Hörer:innen können also ein Abonnement lösen bei einem/einer Künstler:in, die dieses Geld direkt bekommen. Samuel Savenberg bleibt kritisch. «Diese Statements von Blake waren doch auch nur Teil einer Promokampagne für ein weiteres Tech-Startup, das uns ernsthaft Fairness und Fan-Nähe verkaufen will. Ich kann mir nicht vorstellen, dass das funktioniert. Vor allem ist das dann auch ein Modell für eine ganz spezifische Art von Fan-Bindung/Musikkonsum, die voraussetzt, dass Fans unbedingt unveröffentlichtes Exklusivmaterial hören wollen. Dieses Privileg von Relevanz werden die wenigsten Musiker:innen haben.»

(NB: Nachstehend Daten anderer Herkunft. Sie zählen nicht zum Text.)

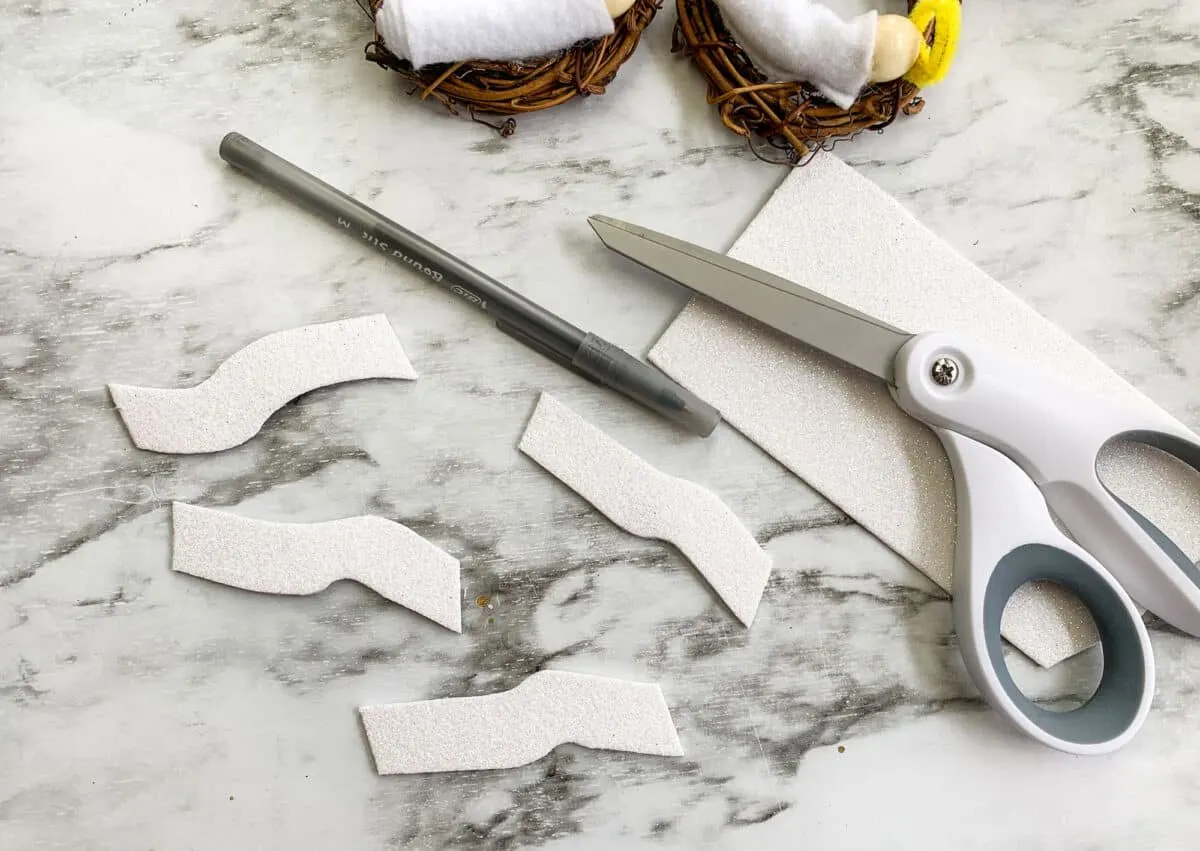 A pair of Emmanuel Wreath scissors on a marble table.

Insgesamt zeigt sich, dass die Musikindustrie vor grossen Herausforderungen steht, die eine sorgfältige Überlegung erfordern. Wie können Künstler:innen fair entlöhnt werden? Wie können wir die künstlerische Integrität bewahren, während wir den sich verändernden Anforderungen der digitalen Welt gerecht werden müssen? Diese Fragen bleiben offen, aber die Diskussion darüber ist entscheidend für die Zukunft der Musik und derjenigen, die sie schaffen.